FILE PHOTO: Unicredit bank logo is seen in the old city centre of Siena, Italy June 29, 2017. REUTERS/Stefano Rellandini

MILAN (Reuters) - UniCredit CRDI.MI has called a shareholder meeting for Dec. 4 to put new governance proposals to the vote, including removing a 5 percent cap on voting rights and allowing the board to select its own candidates to be directors.

The proposed changes come at a time of renewed merger speculation following a report that Italy's largest bank by assets told Berlin recently it was interested in eventually merging with state-backed Commerzbank CBKG.DE.

“This amendment would align UniCredit’s governance with the principle that the voting system be proportional to the capital invested, in line with international best practice,” the bank said in a statement on Thursday about the removal of the 5 percent cap.

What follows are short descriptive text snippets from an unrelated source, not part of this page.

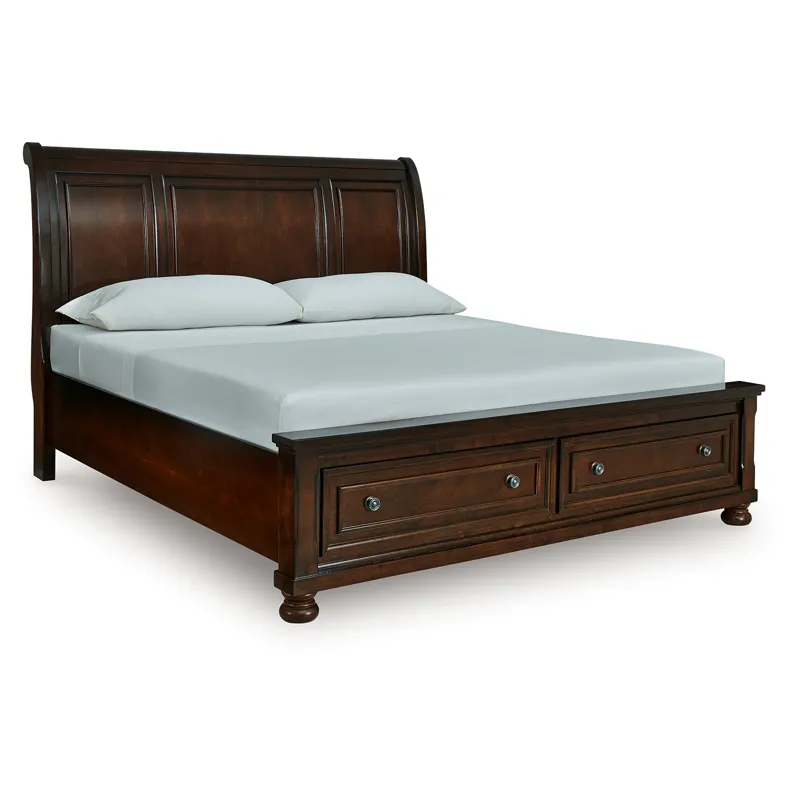 Porter California King Sleigh Storage Bed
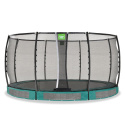 Trampolina naziemna Allure Premium ø427cm zielona Exit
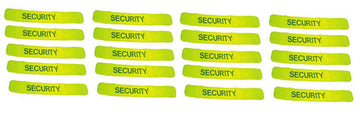 Pack 20 brassards jaune fluo security en471 velcro securite routiere haute visibilite protection - ECLATS DESTOCKAGE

UniCredit’s CEO Jean-Pierre Mustier, appointed just over a year ago to turn the bank around, announced in December that he wanted to shake up the lender’s governance.

In a statement, the bank said it would ask an extraordinary general meeting to give its board the power to present its own list of candidates for election as directors and to remove the limit on voting rights.

Shareholders will also be asked to approve the mandatory conversion of the bank’s saving shares into ordinary shares at a conversion ratio of 3.82 ordinary shares for each saving share, plus an additional cash adjustment of 27.25 euros.

Scrapping the 5 percent cap will trigger the right for ordinary shareholders to hand back their shares in exchange for money if they choose, the bank said.

UniCredit also said it was exploring the feasibility of delisting its shares from the Warsaw stock exchange following the sale of its stake in Polish lender Bank Pekao PEO.WA

In another statement, the bank said it planned to separate its risk management functions from credit related operational functions, creating two different divisions: the Group Risk Management and the Group Lending Office.